The Christian tradition struggling with some of these questions has come up with a category of those who are infants. And by the way, infant doesn’t just mean like you carry in your arms, it means very young children and those who have down syndrome or other mental impairment and has put them in the category of those who are gifts to all of us given to us by God and that God will do all things right. So that is to say, I do not believe that God would not send your brother to heaven, and bring him home based upon the fact that your brother could not do intellectually or verbally what some would’ve, of course, longed for him to do. And so, in this case, I will simply say that I believe that God is absolutely just.

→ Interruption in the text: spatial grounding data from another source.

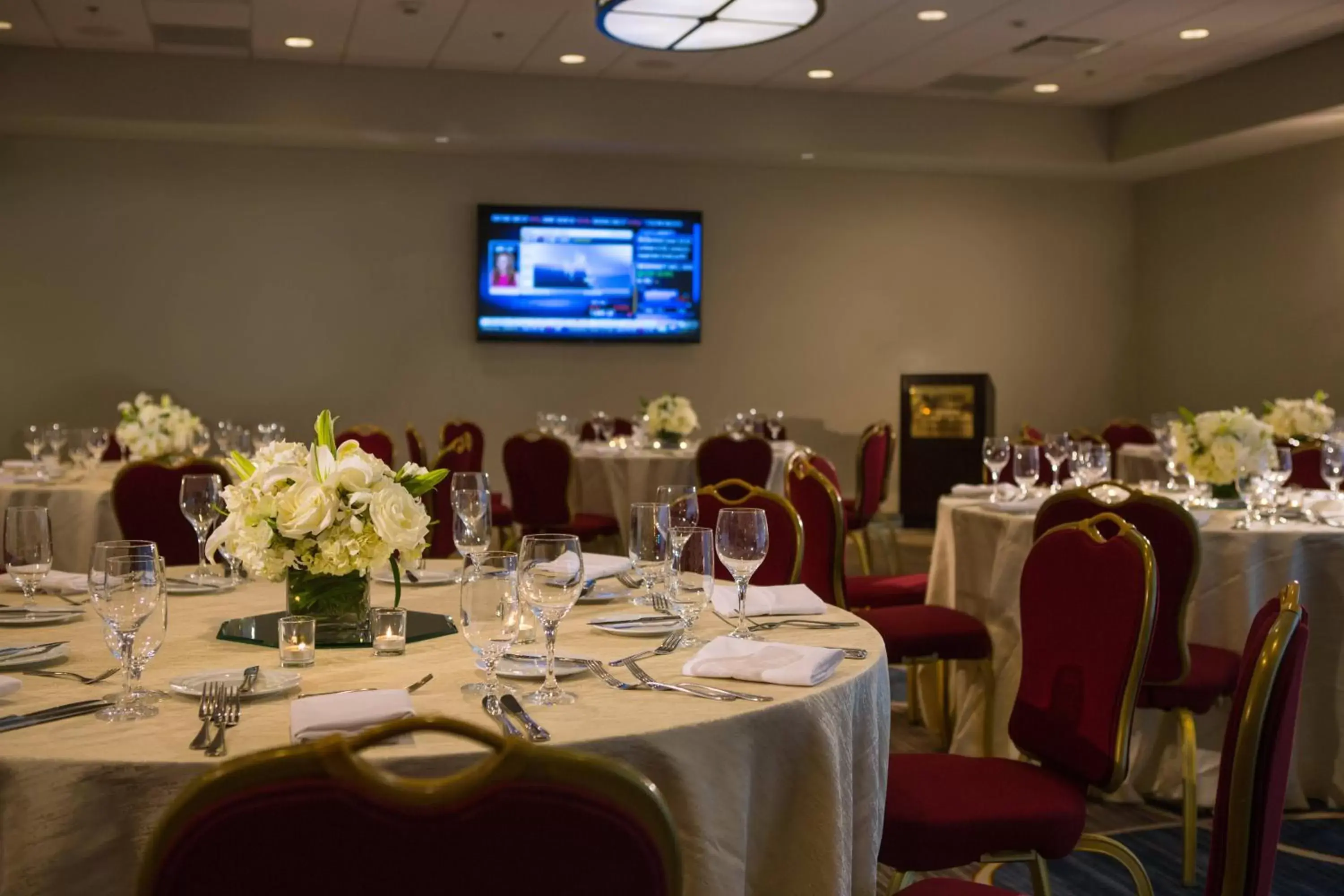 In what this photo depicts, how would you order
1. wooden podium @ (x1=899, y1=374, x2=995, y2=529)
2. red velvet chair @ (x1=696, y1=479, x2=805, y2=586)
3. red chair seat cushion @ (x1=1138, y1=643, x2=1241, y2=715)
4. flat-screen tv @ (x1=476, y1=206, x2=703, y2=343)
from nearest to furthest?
red velvet chair @ (x1=696, y1=479, x2=805, y2=586) < red chair seat cushion @ (x1=1138, y1=643, x2=1241, y2=715) < flat-screen tv @ (x1=476, y1=206, x2=703, y2=343) < wooden podium @ (x1=899, y1=374, x2=995, y2=529)

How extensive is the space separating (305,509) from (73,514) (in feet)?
11.0

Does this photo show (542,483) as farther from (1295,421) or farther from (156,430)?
(1295,421)

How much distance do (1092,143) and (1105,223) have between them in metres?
1.17

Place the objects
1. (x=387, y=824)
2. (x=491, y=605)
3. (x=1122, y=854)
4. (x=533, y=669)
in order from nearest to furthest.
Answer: (x=387, y=824), (x=491, y=605), (x=533, y=669), (x=1122, y=854)

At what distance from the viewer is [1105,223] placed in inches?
462

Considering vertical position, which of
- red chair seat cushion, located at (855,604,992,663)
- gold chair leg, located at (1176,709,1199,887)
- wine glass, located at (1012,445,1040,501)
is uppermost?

And so, when King David cries out about his dead son saying that he is sure he will see his young son in heaven, I believe that’s a proper Christian biblical confidence that when we have children who die in infancy, really young children who die, those who are mentally unable to respond to the gospel, even as the gospel has preached to them, I am just going to say I believe that God will do what is right.

And what he does that is always right is that which brings him greatest glory. And in that sense, I think that that’s a promise to you and to your family, that God’s intention for your brother in his earthly life and even more in the span of eternity is for him to display the glory of God, not only in creation but in a new creation. And I want to thank you for sending the question, and I pray God’s grace and mercy and comfort to you and your family. Even as you miss your brother, and in a way that many people in the world could not understand, you are thankful to God for him.

Part III

Is There a Difference Between Proverbs and Promises? — Dr. Mohler Responds to Letters from Listeners of The Briefing

I want to next shift to another very sweet question, this one from a mom and she writes, “I’m a homeschooling mom of three and an army wife” and she’s writing about a child that has made terrible choices and there are many Christian families who have children, who make terrible choices.

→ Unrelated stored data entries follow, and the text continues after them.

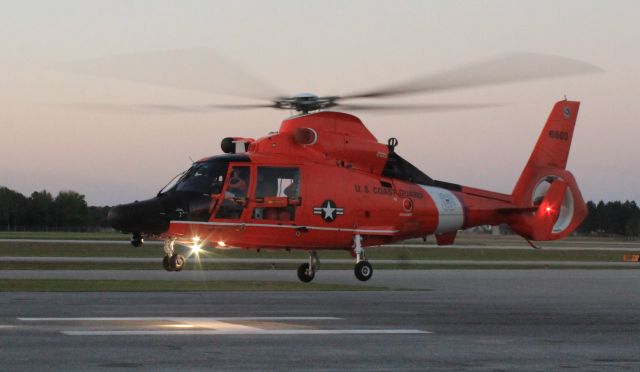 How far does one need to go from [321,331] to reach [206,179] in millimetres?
11152

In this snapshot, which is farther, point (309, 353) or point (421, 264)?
point (421, 264)

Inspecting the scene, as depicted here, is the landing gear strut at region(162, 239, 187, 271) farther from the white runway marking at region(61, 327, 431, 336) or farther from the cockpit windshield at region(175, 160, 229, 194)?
the white runway marking at region(61, 327, 431, 336)

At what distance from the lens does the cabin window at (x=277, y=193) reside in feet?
90.7

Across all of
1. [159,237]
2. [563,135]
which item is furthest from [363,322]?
[563,135]

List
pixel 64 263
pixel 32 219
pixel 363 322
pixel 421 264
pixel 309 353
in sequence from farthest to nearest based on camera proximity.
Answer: pixel 32 219 → pixel 421 264 → pixel 64 263 → pixel 363 322 → pixel 309 353

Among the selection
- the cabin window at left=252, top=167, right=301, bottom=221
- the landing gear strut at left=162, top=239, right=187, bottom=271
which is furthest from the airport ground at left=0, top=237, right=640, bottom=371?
the cabin window at left=252, top=167, right=301, bottom=221

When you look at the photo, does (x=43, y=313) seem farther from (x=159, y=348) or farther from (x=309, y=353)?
(x=309, y=353)

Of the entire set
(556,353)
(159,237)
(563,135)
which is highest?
(563,135)

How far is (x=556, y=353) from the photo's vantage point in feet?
46.4

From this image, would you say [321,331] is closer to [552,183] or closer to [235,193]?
[235,193]

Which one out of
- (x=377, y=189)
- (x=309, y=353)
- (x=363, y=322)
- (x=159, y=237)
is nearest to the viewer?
(x=309, y=353)

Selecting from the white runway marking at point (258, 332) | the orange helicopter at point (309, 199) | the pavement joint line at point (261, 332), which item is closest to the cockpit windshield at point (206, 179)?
the orange helicopter at point (309, 199)

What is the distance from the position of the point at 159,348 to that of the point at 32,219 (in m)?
190

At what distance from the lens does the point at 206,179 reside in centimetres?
2719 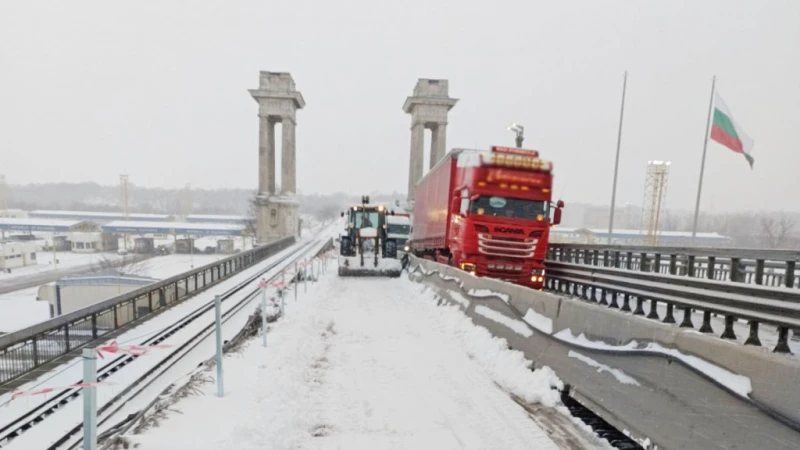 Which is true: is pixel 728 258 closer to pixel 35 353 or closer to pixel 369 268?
pixel 369 268

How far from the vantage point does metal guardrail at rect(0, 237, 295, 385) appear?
6.74 metres

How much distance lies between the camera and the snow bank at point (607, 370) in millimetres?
3779

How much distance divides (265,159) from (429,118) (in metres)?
20.8

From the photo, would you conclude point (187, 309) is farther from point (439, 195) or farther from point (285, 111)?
point (285, 111)

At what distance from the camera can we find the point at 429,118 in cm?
4878

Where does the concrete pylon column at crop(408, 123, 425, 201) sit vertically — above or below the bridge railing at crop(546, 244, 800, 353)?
above

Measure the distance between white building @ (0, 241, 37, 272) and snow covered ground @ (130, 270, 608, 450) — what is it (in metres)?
61.7

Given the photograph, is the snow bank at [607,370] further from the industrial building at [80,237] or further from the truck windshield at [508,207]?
the industrial building at [80,237]

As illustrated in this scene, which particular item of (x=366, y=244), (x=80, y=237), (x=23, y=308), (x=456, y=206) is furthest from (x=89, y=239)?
(x=456, y=206)

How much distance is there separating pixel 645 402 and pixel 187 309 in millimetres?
13208

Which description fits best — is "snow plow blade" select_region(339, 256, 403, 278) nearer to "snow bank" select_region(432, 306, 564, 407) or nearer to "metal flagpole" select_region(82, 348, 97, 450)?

And she asks about how that’s reconciled with Proverbs 22:6. Just to remind you of that passage we read, “Train up a child in the way he should go, even when he is old, he will not depart from it.” And this particular mom, and my heart goes out to her. She’s asking the question, so is that not a promise? And she said that one of her Christian friends told her that that’s a proverb and not a promise, and that she’s very concerned about that saying, is this true? Are there differences between Proverbs and the rest of the Bible? Well, let me just speak parent to parent here, heart-to-heart, to this mom. Number one, as you look at Proverbs, we are looking at lists of sayings and that’s what we are told in the beginning of the book it is. And just think about Proverbs 22, the very chapter in which, of course, you find verse 6, you also find verse 16, “Whoever oppresses the poor to increase his own wealth or gives to the rich will only come to poverty.”

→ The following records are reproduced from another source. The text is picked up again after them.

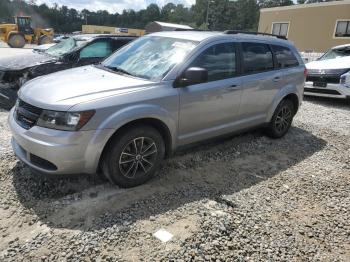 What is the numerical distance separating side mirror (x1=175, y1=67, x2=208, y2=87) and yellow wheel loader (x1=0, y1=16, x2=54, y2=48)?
2728 cm

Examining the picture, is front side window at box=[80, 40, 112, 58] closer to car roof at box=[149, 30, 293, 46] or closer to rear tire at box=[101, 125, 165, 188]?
car roof at box=[149, 30, 293, 46]

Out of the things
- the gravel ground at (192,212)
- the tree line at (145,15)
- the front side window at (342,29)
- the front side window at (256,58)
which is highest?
Result: the tree line at (145,15)

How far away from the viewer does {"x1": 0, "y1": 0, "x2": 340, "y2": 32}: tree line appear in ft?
257

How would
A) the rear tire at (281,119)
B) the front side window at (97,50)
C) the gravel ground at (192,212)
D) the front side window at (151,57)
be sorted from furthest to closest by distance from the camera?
the front side window at (97,50)
the rear tire at (281,119)
the front side window at (151,57)
the gravel ground at (192,212)

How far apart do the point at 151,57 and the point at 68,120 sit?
1579 millimetres

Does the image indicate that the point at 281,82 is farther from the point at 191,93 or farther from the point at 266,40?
the point at 191,93

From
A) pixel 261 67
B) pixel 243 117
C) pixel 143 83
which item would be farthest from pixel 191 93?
pixel 261 67

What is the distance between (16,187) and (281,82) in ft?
13.9

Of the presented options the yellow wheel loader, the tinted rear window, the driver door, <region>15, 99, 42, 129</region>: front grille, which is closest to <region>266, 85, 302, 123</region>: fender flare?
the tinted rear window

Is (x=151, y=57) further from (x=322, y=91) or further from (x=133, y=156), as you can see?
(x=322, y=91)

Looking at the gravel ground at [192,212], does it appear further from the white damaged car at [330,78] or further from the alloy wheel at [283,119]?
the white damaged car at [330,78]

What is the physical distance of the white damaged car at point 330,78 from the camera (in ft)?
27.8

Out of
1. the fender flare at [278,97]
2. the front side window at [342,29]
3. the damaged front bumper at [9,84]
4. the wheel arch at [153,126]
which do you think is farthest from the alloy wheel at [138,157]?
the front side window at [342,29]

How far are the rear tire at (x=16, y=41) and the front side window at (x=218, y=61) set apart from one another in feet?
88.4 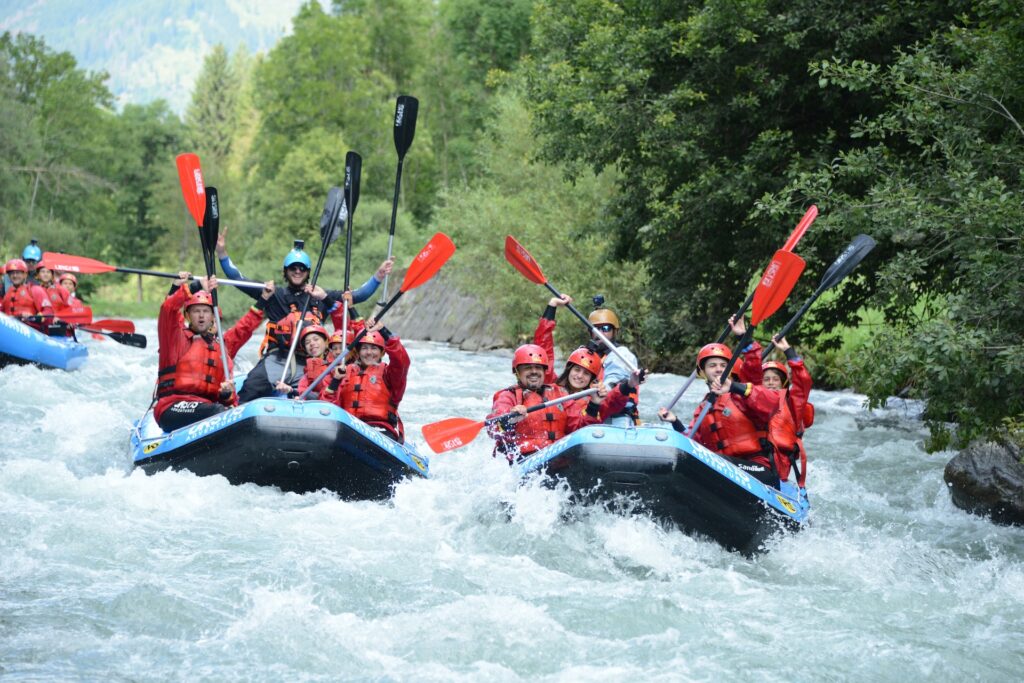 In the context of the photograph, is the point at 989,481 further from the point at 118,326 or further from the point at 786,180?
the point at 118,326

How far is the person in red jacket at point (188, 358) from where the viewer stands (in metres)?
7.10

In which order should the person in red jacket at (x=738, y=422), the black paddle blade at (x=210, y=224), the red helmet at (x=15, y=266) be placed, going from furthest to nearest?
1. the red helmet at (x=15, y=266)
2. the black paddle blade at (x=210, y=224)
3. the person in red jacket at (x=738, y=422)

Well, that’s a general principle and that is a proverb, but I’ve known of unjust people who have died rich rather than poor. That doesn’t mean that God’s word isn’t true, it just means that this is the way the principle works out. At times, there are those who in this life appear to cheat the Proverbs, and yet on the day of judgment, that will not be so. Verse 4, just two verses ahead of verse 6, we read, “The reward for humility and fear of the Lord is riches and honor and life.” And I think as soon as you hear that, you’re going to recognize there’s so much truth in that that is a proverb. It most often works out that way, but not always. There are people who are humble and show fear of the Lord and they’re poor, or they die of disease. So this is just to say, this is what the Proverbs are.

This is called wisdom literature in the scripture. And so, we’re going to start out by saying that every word of the Bible is inspired by the Holy Spirit. And every word is perfectly inspired. Every word is true, there is no error in scripture. But Proverbs operate like Proverbs and promises operate like promises. Now, here’s the thing, and I say this again, heart-to-heart, parent to parent. When you look at Proverbs 22:6, “Train up a child in the way he should go, even when he’s old, he will not depart from it.” That is a general principle. I think you and I would recognize as true, and that’s certainly true if you work it the other way. If you do not train up a child in the way of the Lord or train him up in the way he should go, then guess what? He’s not going to go in that way because he hasn’t been taught it.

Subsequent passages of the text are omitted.